What you have to do:
Only those lines in the data below from the line containing "Mercedes Benz GLC" through the line containing "Hub Church Street Projects Cundall", both included, should be restated word for word.

Stored entries:
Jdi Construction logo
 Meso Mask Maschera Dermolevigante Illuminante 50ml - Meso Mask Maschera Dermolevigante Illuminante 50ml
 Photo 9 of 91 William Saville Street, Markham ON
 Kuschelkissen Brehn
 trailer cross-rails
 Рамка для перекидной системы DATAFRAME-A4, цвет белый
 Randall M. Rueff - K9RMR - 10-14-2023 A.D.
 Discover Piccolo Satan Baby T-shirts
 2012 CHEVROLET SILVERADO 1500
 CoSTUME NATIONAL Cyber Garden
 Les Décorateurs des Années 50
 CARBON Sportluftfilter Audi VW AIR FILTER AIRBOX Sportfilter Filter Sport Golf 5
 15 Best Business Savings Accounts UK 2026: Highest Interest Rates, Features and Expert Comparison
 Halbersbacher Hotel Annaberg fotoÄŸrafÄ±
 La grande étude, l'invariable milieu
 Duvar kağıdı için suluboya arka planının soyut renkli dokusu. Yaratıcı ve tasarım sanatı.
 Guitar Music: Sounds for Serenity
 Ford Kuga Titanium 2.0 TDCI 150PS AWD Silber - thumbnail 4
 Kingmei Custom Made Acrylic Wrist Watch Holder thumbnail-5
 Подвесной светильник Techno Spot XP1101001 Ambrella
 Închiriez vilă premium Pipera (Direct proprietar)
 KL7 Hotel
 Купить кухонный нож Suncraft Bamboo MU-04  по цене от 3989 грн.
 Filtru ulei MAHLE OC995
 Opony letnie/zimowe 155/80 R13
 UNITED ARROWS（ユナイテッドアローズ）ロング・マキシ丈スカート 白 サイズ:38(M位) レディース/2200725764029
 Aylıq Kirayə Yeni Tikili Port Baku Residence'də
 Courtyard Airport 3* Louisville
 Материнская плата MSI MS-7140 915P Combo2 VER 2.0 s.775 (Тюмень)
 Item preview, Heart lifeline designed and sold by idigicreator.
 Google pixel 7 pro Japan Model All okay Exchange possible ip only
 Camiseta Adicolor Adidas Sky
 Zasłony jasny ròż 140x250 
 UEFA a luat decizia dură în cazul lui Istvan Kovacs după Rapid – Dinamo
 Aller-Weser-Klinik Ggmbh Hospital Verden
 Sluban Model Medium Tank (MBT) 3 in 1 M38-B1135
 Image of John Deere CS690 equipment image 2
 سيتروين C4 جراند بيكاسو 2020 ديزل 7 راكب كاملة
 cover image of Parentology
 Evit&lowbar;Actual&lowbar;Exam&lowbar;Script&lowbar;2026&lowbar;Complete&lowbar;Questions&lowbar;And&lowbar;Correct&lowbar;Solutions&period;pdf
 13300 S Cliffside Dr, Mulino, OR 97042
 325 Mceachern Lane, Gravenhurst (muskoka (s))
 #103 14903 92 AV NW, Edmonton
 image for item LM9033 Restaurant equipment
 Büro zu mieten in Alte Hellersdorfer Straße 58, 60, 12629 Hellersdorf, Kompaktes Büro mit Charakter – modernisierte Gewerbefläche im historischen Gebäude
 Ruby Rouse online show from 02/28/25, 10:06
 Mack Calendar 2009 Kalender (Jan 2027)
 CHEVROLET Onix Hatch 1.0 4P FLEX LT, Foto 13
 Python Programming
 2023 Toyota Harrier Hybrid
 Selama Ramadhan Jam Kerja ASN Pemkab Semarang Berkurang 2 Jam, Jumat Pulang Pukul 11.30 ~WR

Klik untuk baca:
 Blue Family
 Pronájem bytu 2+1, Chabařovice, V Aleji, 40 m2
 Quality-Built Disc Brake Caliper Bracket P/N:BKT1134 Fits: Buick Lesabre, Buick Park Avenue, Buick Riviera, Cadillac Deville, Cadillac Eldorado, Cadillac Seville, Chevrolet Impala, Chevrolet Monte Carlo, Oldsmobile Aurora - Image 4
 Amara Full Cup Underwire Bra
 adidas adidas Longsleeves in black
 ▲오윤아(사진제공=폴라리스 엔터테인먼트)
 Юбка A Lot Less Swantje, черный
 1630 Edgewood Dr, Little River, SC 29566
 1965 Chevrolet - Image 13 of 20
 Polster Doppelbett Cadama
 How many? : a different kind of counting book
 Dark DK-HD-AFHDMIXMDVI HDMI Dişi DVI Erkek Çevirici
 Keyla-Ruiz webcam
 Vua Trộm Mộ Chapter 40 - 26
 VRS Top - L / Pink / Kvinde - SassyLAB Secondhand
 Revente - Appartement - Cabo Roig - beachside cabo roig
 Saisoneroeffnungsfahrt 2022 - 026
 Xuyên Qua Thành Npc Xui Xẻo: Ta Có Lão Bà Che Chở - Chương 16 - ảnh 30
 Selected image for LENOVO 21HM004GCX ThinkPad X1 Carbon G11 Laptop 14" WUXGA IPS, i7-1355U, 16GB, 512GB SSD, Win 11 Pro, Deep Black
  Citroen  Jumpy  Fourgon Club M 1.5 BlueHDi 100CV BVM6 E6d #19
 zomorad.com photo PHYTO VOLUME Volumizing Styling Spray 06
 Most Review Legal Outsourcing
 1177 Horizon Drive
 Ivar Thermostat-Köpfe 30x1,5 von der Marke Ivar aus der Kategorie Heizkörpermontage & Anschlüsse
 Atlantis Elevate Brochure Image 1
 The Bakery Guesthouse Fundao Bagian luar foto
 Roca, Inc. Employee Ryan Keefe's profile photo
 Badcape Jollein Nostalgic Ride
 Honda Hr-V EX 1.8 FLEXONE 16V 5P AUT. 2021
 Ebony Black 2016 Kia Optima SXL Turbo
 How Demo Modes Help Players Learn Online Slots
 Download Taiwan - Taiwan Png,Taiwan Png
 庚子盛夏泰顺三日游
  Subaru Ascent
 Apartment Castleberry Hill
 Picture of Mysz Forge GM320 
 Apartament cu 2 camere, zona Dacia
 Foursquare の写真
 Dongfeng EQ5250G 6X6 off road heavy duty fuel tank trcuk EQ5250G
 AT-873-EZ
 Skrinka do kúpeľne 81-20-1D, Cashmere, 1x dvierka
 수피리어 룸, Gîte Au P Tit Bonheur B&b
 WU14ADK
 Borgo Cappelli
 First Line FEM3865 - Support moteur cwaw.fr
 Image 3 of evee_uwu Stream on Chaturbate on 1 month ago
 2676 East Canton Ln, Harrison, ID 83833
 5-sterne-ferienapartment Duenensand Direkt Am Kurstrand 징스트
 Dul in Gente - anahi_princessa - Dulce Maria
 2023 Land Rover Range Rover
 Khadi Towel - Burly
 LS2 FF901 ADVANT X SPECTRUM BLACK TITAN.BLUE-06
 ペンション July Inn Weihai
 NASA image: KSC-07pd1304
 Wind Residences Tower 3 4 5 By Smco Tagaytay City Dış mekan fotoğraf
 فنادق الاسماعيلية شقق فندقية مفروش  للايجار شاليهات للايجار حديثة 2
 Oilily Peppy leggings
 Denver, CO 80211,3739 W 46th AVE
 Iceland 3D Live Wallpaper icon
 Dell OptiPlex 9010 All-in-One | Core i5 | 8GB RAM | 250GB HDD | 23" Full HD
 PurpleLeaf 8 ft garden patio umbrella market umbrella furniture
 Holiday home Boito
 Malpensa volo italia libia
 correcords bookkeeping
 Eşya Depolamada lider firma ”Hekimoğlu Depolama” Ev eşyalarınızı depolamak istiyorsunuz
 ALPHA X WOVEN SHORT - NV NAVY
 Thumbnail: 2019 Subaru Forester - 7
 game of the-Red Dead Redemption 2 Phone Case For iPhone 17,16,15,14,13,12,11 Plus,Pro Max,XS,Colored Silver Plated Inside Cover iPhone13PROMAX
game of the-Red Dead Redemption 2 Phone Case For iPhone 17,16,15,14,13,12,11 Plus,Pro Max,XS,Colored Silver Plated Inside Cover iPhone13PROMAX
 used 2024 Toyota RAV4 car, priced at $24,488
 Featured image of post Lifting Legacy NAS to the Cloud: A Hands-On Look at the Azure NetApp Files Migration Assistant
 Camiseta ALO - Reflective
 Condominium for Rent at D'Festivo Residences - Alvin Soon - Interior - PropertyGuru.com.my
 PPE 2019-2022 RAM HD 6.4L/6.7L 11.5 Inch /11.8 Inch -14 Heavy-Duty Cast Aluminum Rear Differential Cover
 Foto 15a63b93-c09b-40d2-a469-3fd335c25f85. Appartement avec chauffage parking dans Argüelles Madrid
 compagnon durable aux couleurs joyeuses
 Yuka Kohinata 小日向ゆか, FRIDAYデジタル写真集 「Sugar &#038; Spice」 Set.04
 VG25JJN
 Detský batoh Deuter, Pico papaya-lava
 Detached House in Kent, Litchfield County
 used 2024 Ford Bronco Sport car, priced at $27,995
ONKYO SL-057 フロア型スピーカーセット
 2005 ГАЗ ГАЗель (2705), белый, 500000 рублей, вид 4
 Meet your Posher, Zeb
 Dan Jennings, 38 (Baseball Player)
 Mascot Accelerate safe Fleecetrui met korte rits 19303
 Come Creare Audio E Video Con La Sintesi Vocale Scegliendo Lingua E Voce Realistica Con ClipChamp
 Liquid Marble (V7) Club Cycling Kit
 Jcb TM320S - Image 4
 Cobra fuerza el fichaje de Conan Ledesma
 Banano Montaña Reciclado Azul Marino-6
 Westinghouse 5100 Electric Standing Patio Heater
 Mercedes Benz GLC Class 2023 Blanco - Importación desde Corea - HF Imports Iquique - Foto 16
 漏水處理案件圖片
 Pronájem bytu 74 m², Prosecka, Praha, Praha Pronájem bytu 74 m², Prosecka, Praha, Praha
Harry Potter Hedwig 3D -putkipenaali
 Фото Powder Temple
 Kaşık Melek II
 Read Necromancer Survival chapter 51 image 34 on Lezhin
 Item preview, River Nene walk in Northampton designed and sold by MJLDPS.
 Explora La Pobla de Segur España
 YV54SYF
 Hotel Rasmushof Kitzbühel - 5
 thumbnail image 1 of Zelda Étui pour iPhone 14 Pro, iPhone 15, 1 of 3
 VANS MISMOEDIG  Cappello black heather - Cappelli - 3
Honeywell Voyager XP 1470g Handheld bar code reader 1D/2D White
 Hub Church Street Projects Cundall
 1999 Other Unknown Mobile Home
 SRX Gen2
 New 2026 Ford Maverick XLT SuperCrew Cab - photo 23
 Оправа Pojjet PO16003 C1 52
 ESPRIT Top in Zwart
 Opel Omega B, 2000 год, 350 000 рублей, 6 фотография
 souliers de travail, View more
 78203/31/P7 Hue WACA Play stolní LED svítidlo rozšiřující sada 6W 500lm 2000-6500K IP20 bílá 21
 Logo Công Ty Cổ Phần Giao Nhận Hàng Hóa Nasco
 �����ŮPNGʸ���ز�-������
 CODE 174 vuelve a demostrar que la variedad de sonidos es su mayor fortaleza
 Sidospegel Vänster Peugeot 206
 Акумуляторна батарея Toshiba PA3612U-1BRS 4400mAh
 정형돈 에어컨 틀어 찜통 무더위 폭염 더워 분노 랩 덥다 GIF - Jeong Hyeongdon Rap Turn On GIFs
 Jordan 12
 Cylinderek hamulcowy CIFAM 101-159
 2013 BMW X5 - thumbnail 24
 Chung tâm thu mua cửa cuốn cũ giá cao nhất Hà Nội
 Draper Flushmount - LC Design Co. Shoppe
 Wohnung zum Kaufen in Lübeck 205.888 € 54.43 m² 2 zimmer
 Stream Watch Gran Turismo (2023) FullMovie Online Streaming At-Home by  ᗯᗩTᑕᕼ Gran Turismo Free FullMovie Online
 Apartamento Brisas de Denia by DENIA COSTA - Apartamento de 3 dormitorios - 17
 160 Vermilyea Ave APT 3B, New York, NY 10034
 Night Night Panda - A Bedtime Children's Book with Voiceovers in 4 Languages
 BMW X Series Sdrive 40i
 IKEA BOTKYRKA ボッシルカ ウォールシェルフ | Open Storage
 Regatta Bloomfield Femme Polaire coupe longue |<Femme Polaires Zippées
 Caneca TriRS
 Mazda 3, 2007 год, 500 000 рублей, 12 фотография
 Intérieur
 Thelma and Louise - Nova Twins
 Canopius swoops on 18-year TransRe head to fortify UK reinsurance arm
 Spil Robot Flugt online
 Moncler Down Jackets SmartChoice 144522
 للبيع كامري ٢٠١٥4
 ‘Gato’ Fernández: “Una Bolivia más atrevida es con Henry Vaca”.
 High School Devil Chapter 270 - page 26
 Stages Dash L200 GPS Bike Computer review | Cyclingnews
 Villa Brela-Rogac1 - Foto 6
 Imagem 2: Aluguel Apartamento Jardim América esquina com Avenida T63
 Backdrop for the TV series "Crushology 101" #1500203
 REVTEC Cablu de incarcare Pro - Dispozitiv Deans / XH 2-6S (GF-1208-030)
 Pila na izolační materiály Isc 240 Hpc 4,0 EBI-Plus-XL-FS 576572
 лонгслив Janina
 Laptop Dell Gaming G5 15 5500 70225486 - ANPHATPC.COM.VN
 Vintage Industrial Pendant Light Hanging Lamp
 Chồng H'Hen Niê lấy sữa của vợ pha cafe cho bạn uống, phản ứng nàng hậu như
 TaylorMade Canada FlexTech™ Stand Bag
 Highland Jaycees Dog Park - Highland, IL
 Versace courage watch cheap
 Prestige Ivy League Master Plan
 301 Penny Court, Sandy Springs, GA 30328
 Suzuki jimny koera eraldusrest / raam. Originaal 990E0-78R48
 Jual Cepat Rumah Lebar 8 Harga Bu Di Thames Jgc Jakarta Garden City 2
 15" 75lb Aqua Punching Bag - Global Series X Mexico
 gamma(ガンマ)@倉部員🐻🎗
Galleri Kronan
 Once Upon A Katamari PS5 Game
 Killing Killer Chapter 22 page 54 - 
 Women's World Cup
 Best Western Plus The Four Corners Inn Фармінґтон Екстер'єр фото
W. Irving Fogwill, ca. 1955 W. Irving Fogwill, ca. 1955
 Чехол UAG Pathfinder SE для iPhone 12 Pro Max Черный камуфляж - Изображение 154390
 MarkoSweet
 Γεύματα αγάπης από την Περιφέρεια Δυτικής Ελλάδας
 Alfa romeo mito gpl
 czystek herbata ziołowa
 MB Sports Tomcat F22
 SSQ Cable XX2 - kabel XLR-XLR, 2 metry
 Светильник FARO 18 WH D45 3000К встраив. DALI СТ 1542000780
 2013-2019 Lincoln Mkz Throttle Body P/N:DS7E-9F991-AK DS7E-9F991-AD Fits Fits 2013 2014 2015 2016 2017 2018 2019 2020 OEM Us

Exercise answer:
 Mercedes Benz GLC Class 2023 Blanco - Importación desde Corea - HF Imports Iquique - Foto 16
 漏水處理案件圖片
 Pronájem bytu 74 m², Prosecka, Praha, Praha Pronájem bytu 74 m², Prosecka, Praha, Praha
Harry Potter Hedwig 3D -putkipenaali
 Фото Powder Temple
 Kaşık Melek II
 Read Necromancer Survival chapter 51 image 34 on Lezhin
 Item preview, River Nene walk in Northampton designed and sold by MJLDPS.
 Explora La Pobla de Segur España
 YV54SYF
 Hotel Rasmushof Kitzbühel - 5
 thumbnail image 1 of Zelda Étui pour iPhone 14 Pro, iPhone 15, 1 of 3
 VANS MISMOEDIG  Cappello black heather - Cappelli - 3
Honeywell Voyager XP 1470g Handheld bar code reader 1D/2D White
 Hub Church Street Projects Cundall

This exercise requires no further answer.